Villagisation was a major element of the British counter-insurgency campaign tackling the Land and Freedom Army, who were later labelled ‘Mau Mau’, in Kenya during the 1950s. The colonial government developed the policy in 1953 and introduced it widely in 1954 forcing mainly the Gĩkũyũ, and Gĩkũyũ-speaking Embu and Meru districts into 854 enclosed camps. The vast majority of those villagised were women, their children, and elders. Oral histories and written testimonies from survivors of this process reveal that the camps introduced during villagisation were spatial formations of fear and terror. As Francis Kanyua, an inhabitant of a camp in the Kabete region of Kenya, reveals, ‘there was no mercy’ in these spaces. In attempting to demonstrate the levels of violence that characterised the British campaign in Kenya, scholars have worked to expose the methods of brutality deployed and the ways that the colonial government sought to bury this evidence. While this work is vital in understanding the wider nexus of colonial violence, only an intimate exploration of the suffering experienced and remembered by those forcibly resettled exposes how pervasive and gendered this coercion and force was. Women and their children largely inhabited these spaces. The administrative discourse may have been that these were reformative sites to protect these civilians, but the experiences of female occupants tell a far more violent story. The punitive nature of these sites is most pronounced when the memories of those relocated, in relation to the space they occupied, are compared to the spatiality of the camps. These spaces were sites where colonial actors negotiated for control of places, bodies, movement, resources, and identities. We can geographically map this gendered topography of terror in the camps through the memories of the women who suffered inside them.

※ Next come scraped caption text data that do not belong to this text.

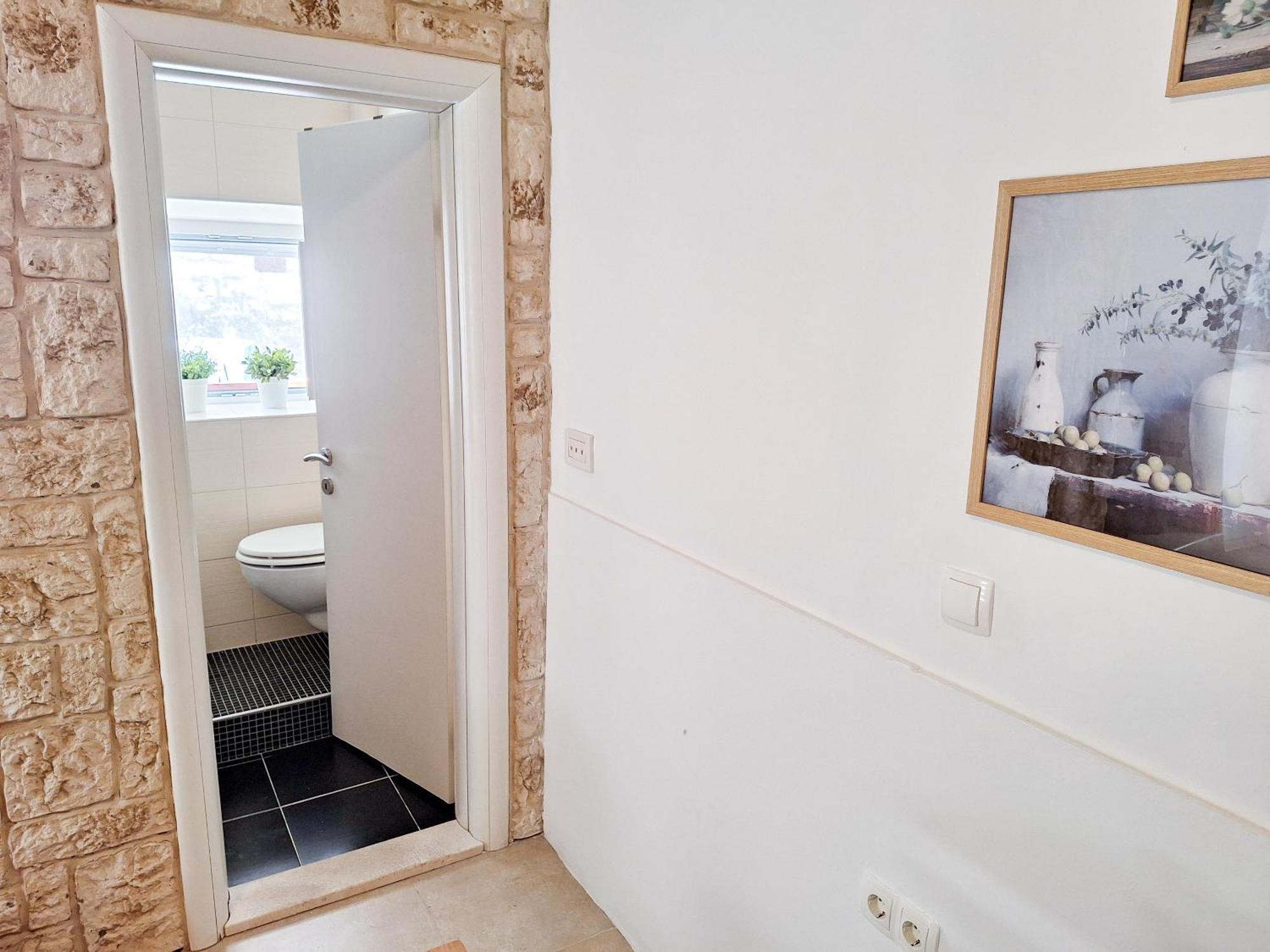 St Peter's Heritage House Trogir
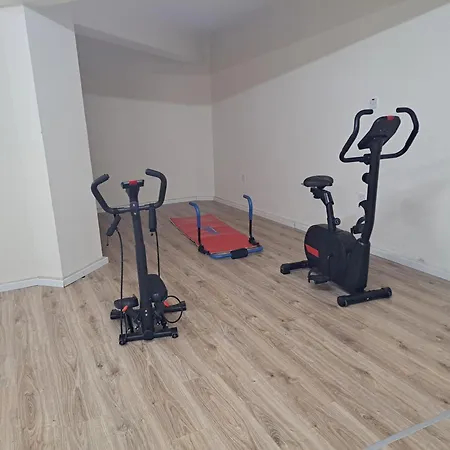 Apart Otel Pandream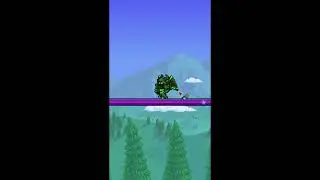 TERRARIA video to start off my channel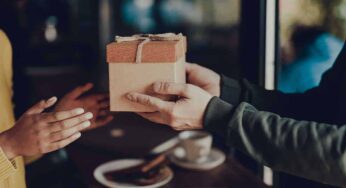 4 ideas de regalos especiales para dar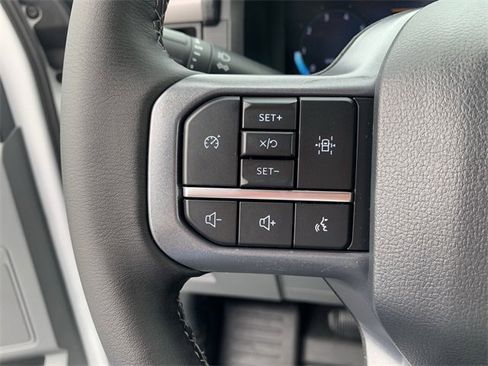 New 2025 Ford F150 XLT w/ Equipment Group 301A Standard image 29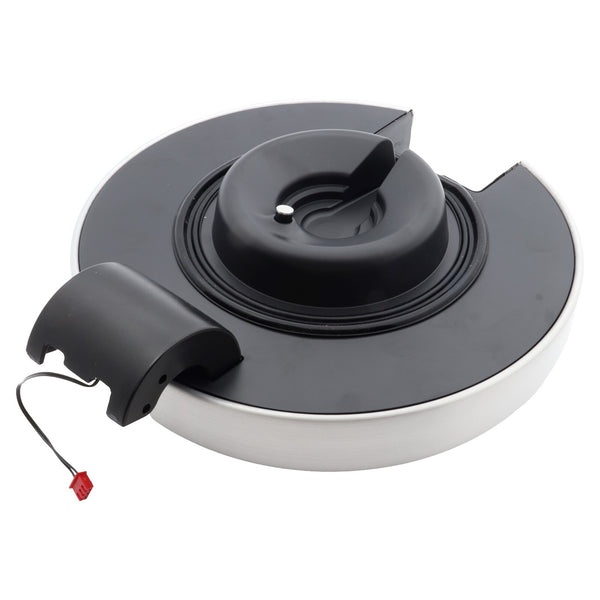 Krups deksel sensor handvat sonde tapinstallatie dispenser bier TheSub VB650E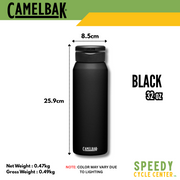 CAMELBAK - TUMBLER FIT CAP  32 Oz VACUUM INSULATED STAINLESS STEEL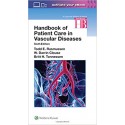 Handbook of Patient Care in Vascular Diseases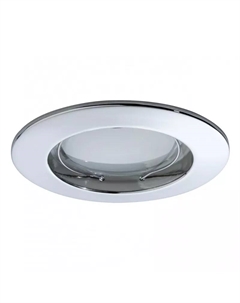 Встраиваемый светодиодный светильник Premium Line Coin 92829 Paulmann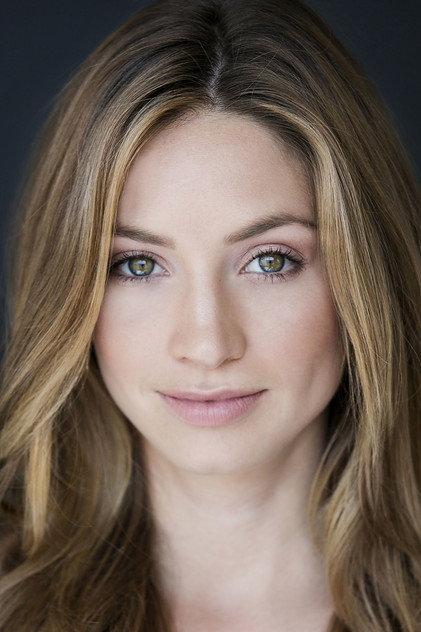 Brooke Serene Butler - Actor Profile Photo
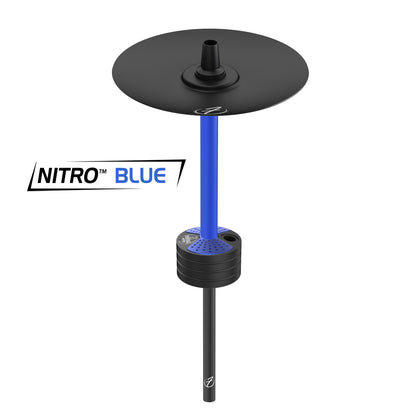 NITRO™ Hookah Pipe System 21in (FULL KIT) |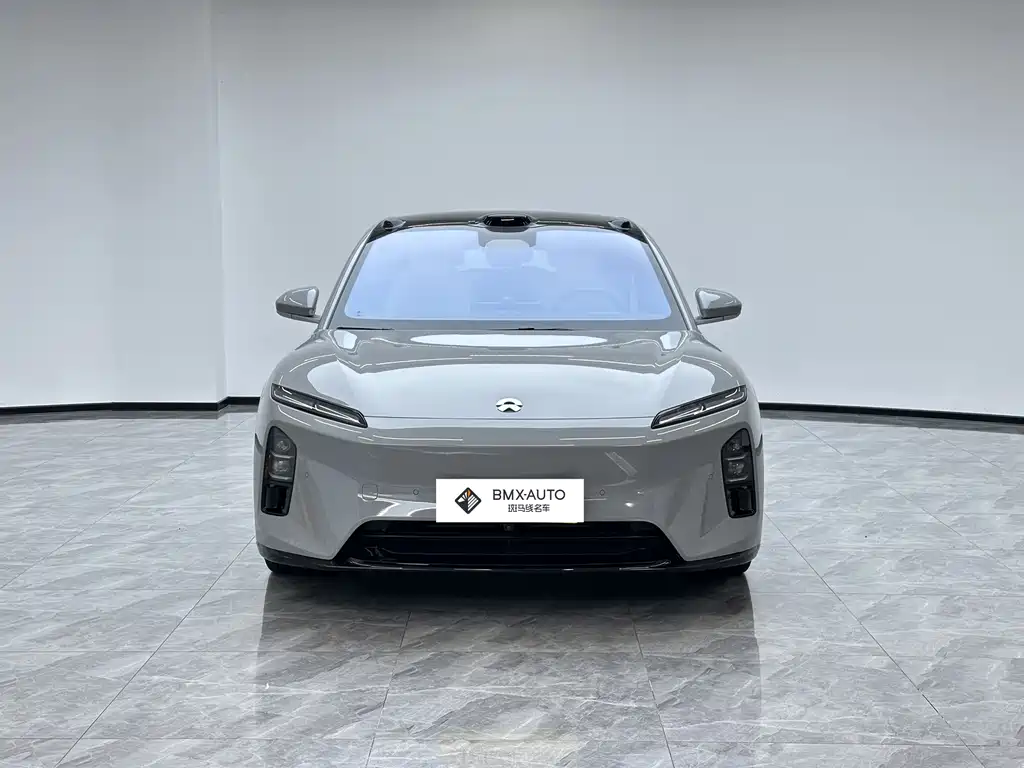 NIO ET5T — миниатюра 2
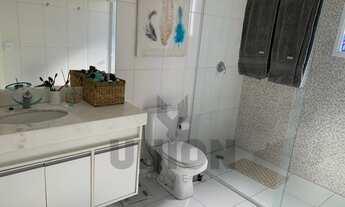 Imagem 6: Lindo Sobrado à venda no Cond. Terras de São Francisco em Vinhedo SP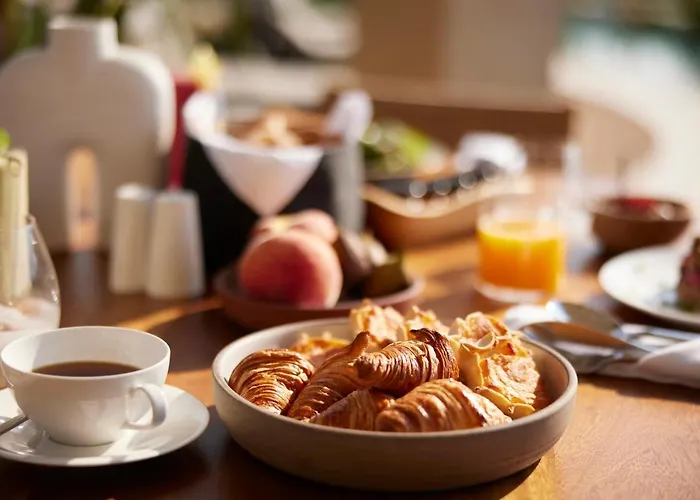 מלון Avant Mar Paros 5*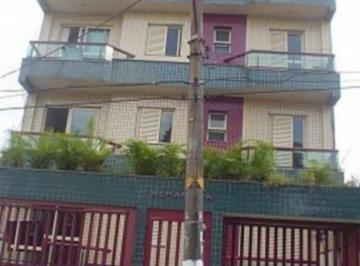 Apartamento · 150m² · 3 Quartos · 2 Vagas · COBERTURA JARDIM HOLLYWOOD COM 3 DORMS. SENDO 1 SUÍTE, ELEVADOR, 2 VAGAS SBC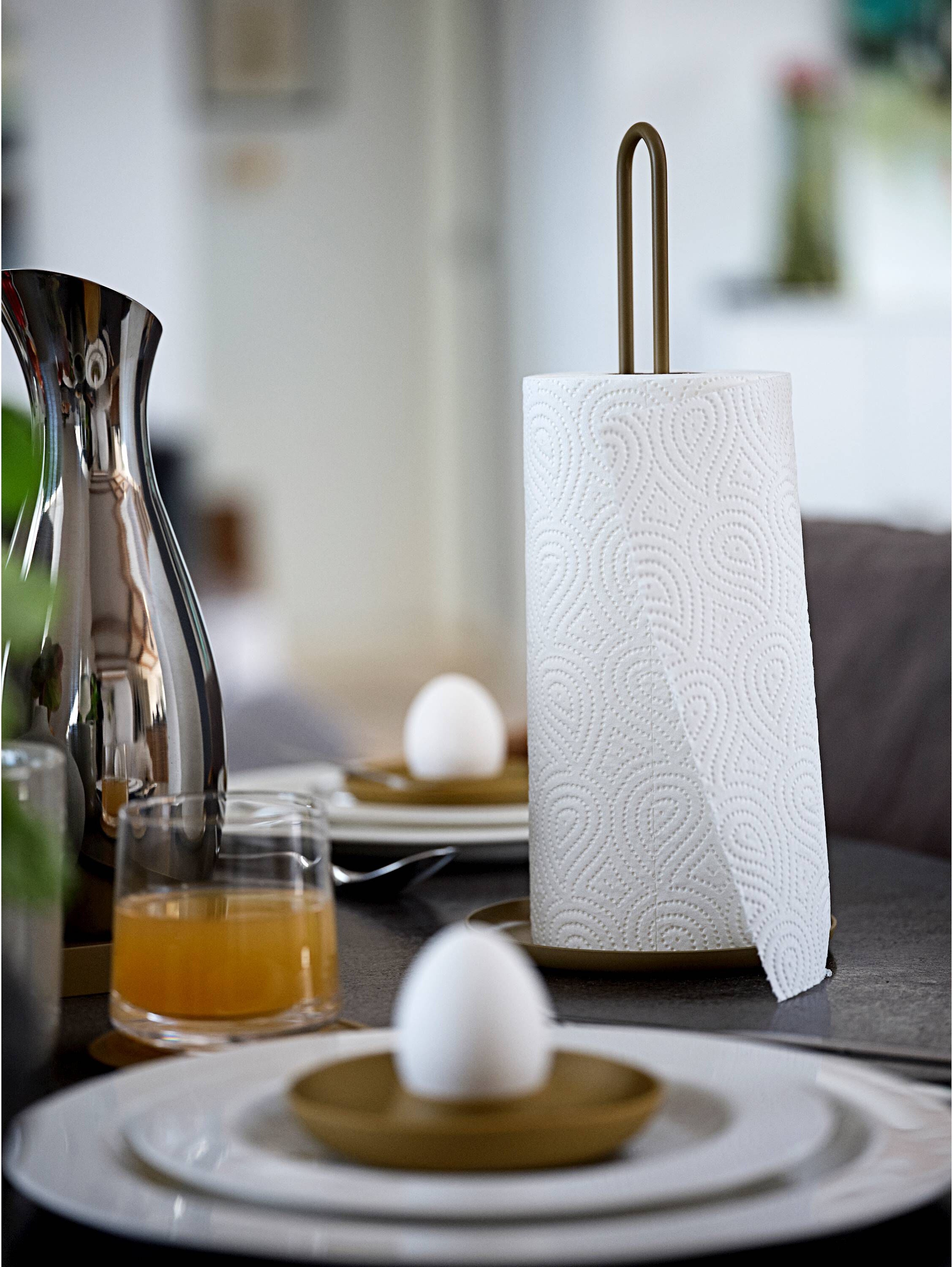 330466 держатель кухонного рулона Zone Denmark Singles - Вид №1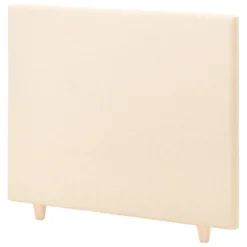 Matri Basic Raffia sänggavel, natur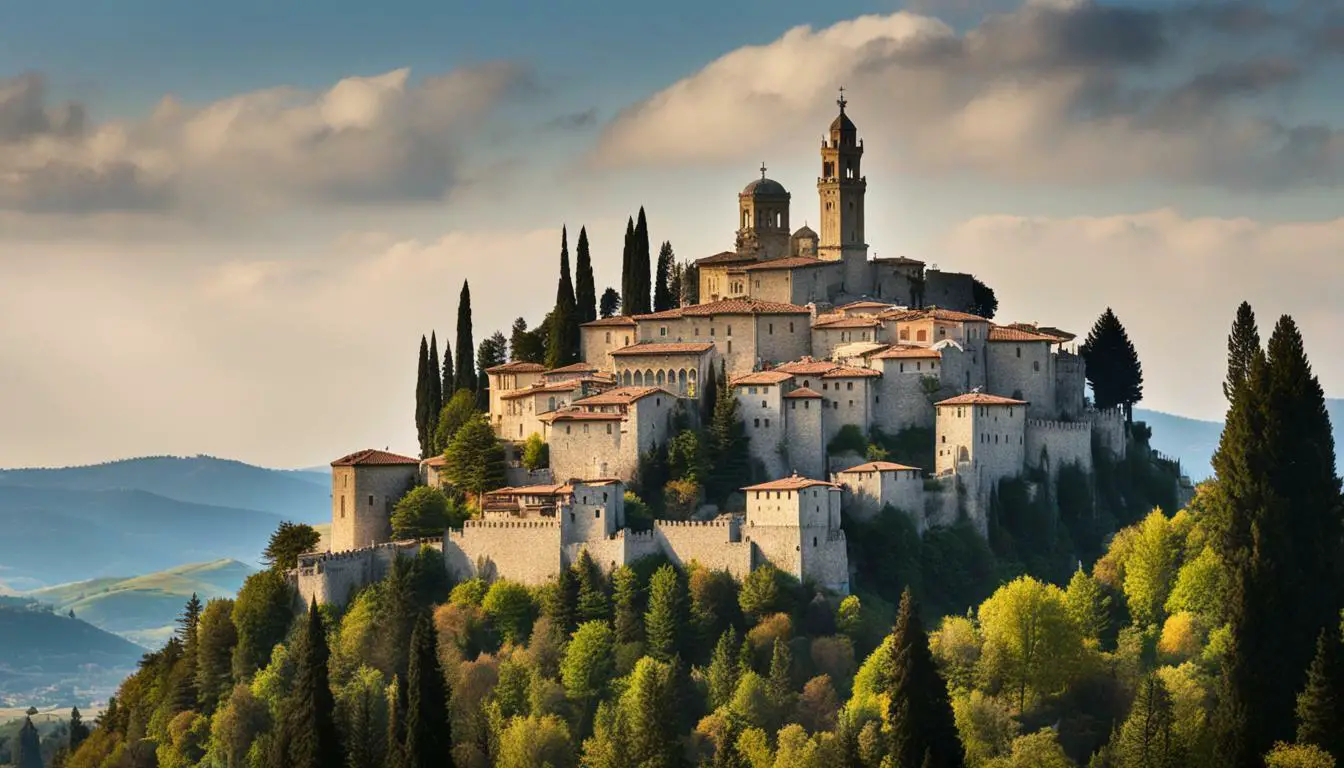 Che lingua si parla a San Marino?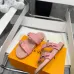 3Louis Vuitton Shoes for Women's Louis Vuitton Slippers #999932443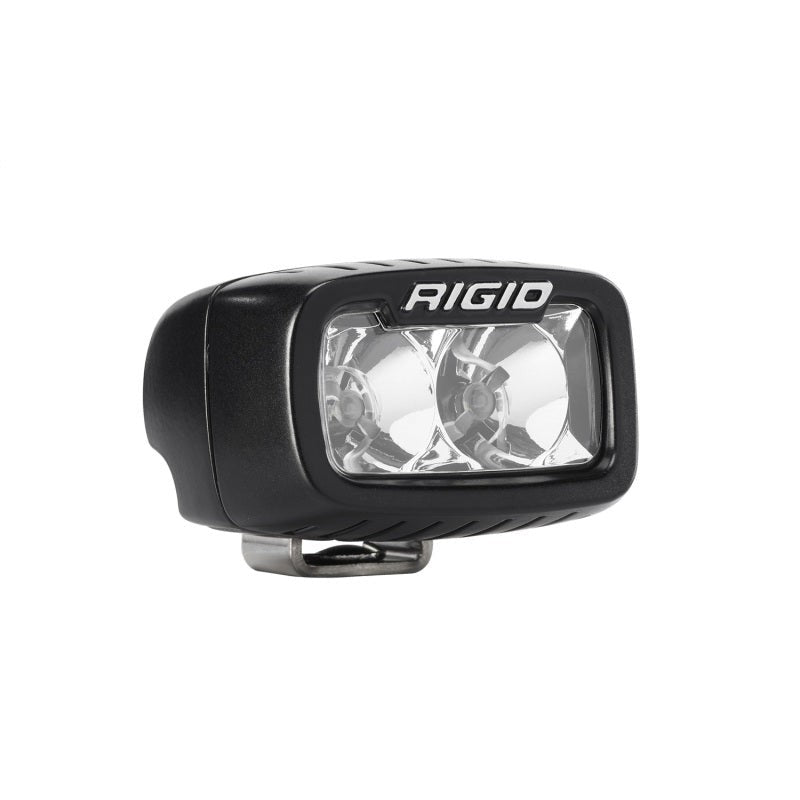 Rigid Industries SR-M PRO Flood LED Light Pod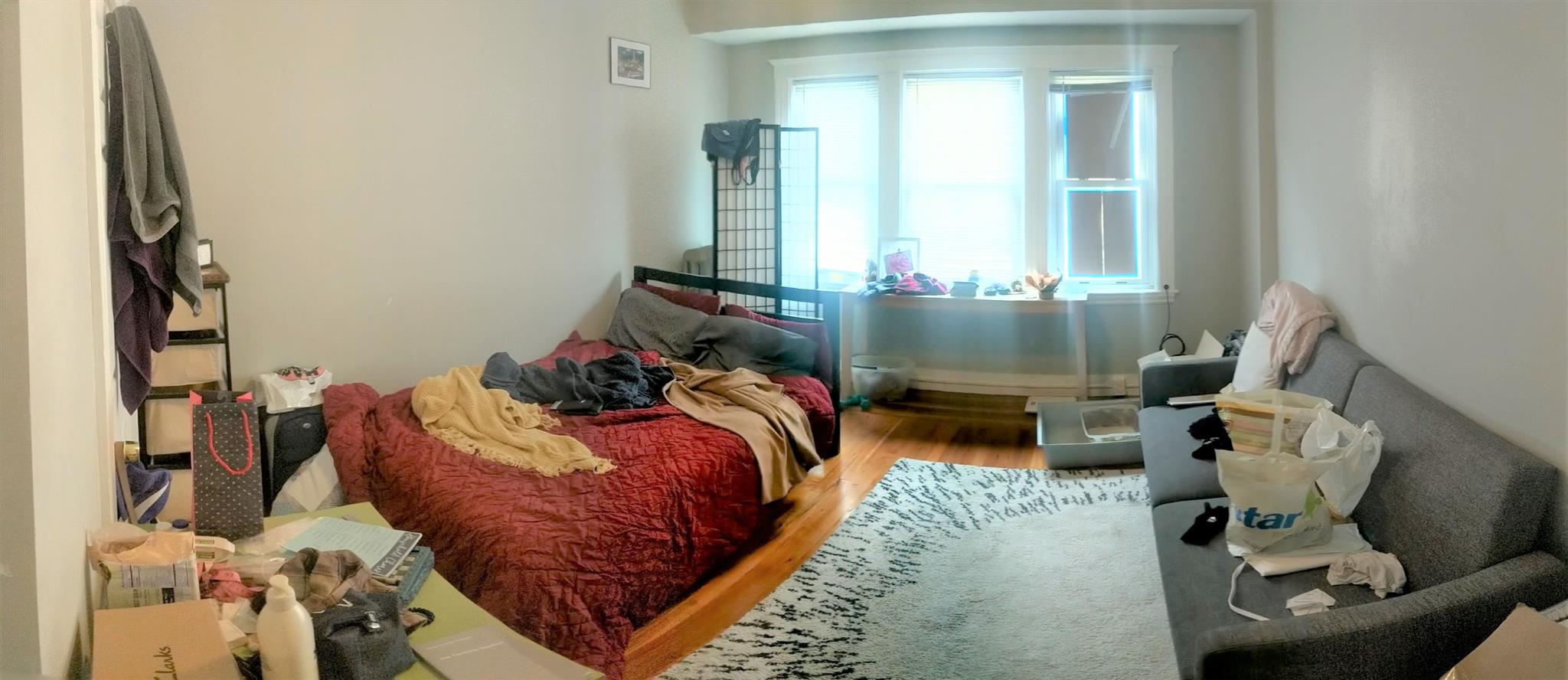 162 Harvard St, Medford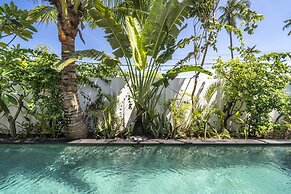 Akasia Villas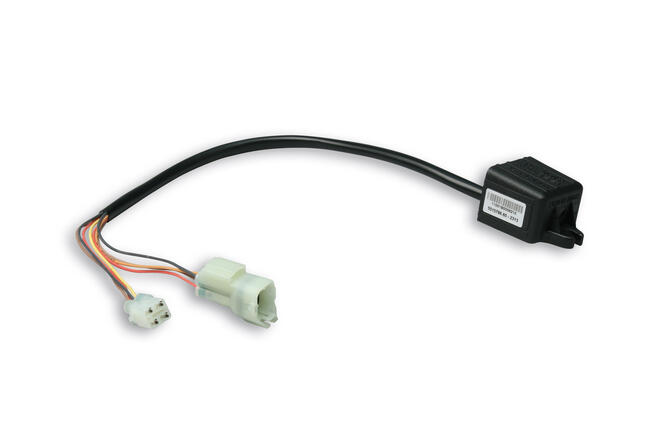Emulatore Lambda Tc Unit O2 Controller Malossi 5515785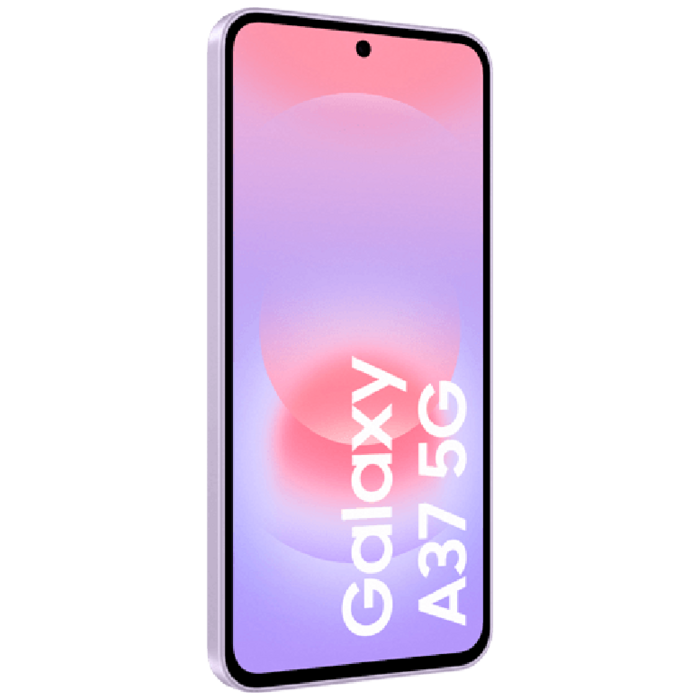 Samsung Samsung Galaxy A37 5G 256GB Paars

Since 2018, researchers at the Museum of British Colonialism have sought to document, make visible and elevate marginalised histories relating to Britain's colonial conquests. A key aspect of this has been to digitally map and reconstruct detention centres and work camps implemented by the British to quell the Mau Mau insurgency. We are now preparing to launch our new digital map of a villagisation camp, and this paper will explore this example which hopes to further contribute to the memorialization of this conflict in Kenya.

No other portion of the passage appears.